New York Yankees: In case it wasn't clear by now that the Yankees don't intend to spend big money this offseason, principal owner Hal Steinbrenner confirmed as much on Wednesday. "I'm not comfortable with the payroll being too much higher than it is now," Steinbrenner told Heyman. GM Brian Cashman has said numerous times this winter that New York wouldn't be involved in the bidding for big-name free agents, which has been true so far. However, given Steinbrenner's comment, it'll be interesting to see how active the Yanks can be at this year's trade deadline, seeing as their payroll won't likely decrease before then. In fact, New York's 2016 contracts for arbitration-eligible players Ivan Nova and Aroldis Chapman still remain unresolved, so the team's salary commitments will be even higher than it is now once those deals are taken care of.
Tigers: Even with Upton now in tow, Detroit might not be done yet this winter. "I'd still like to have more depth in pitching," GM Al Avila told reporters, including Jason Beck of MLB.com. "We're adequate right now." The Tigers have overhauled their bullpen this offseason and added Jordan Zimmermann to their rotation, but if any team knows there is no such thing as enough pitching, it's Detroit.
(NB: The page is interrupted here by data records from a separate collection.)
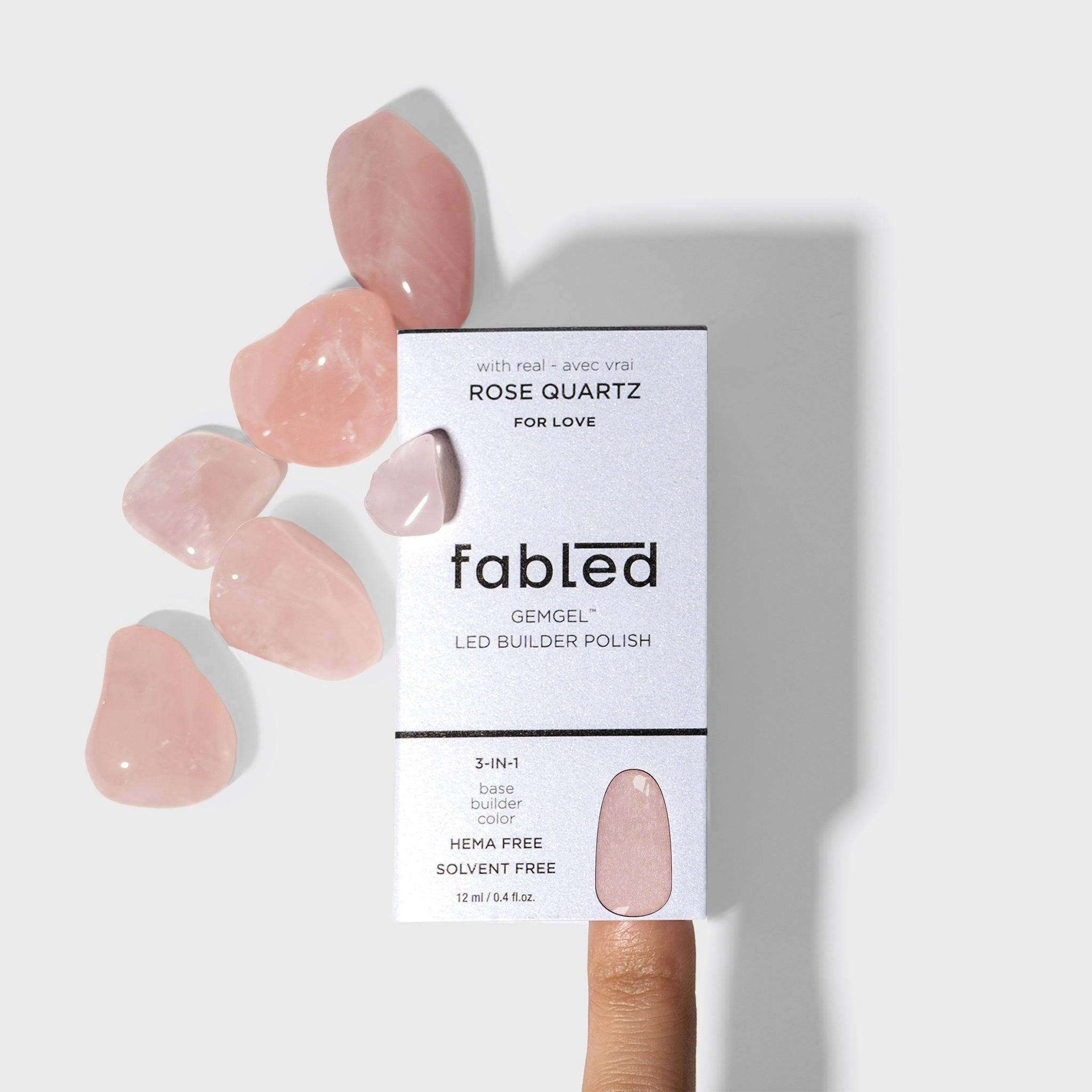 Fabled Beauty - Vente Vernis à ongles - Fabled® Gemgel™ vernis gel à quartz rose1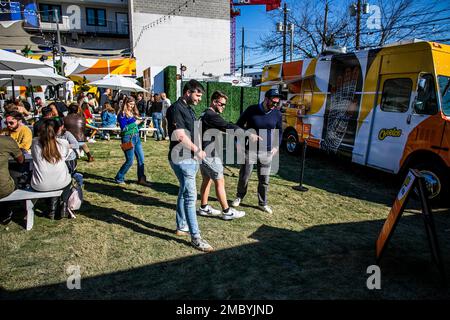 IMAGE DISTRIBUTED FOR FRITO-LAY - Fans walk through custom tiny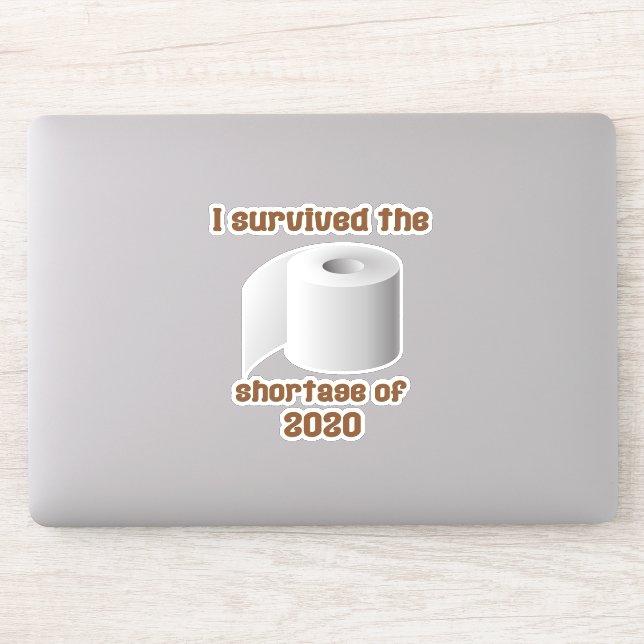 Sticker Pénurie de papier toilette (Ordinateur)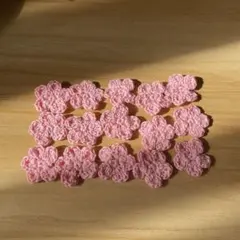 ＊お花モチーフ15枚＊ピンク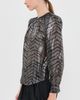 Isabel Marant Isabel Marant Farali Gathered Silk Blouse Black/Silver - 4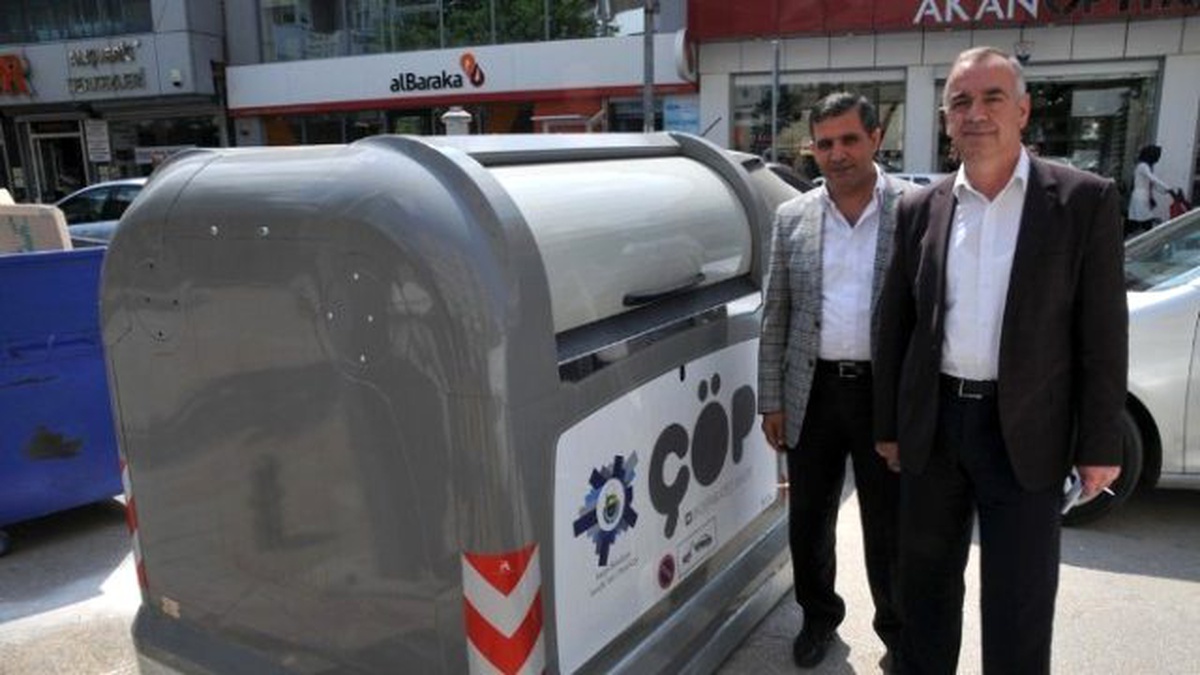 İnegöl Mahallelerine Çöp Konteynırı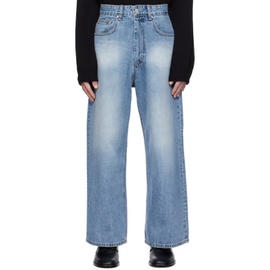 Youth Blue Extra Wide Jeans 232984M186004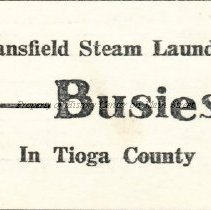 Mansfield Steam Laundry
If the team does make another signing, don't expect anything major, as the Upton signing has likely already pushed the Tigers over the luxury tax threshold.
Yovani Gallardo: The Baltimore Orioles and Houston Astros are among the teams still looking at Gallardo, Heyman reports. The 29-year-old right-hander is clearly the top remaining starter on the market and is expected to land a multiyear deal. ESPN.com's Jim Bowden sees both the O's and Stros as a good fit for Gallardo, in addition to the Toronto Blue Jays.
Trevor Rosenthal: The St. Louis Cardinals' closer has yet to discuss a multiyear extension with the team, Ben Frederickson and Derrick Goold of the St. Louis Post-Disptach report. "As far as contractual, multiyear type things, I guess we haven’t had any talks," Rosenthal said. "I don’t know what they’re thinking, what we’re thinking. I don’t know how any of that looks because I haven’t gone through it." Rosenthal was eligible for arbitration for the first time this winter and received a one-year, $5.6 million contract for 2016 as a result. While locking up the 25-year-old to an extension would seem like a no-brainer, the Cardinals typically avoid long-term deals with relievers, Frederickson and Goold point out.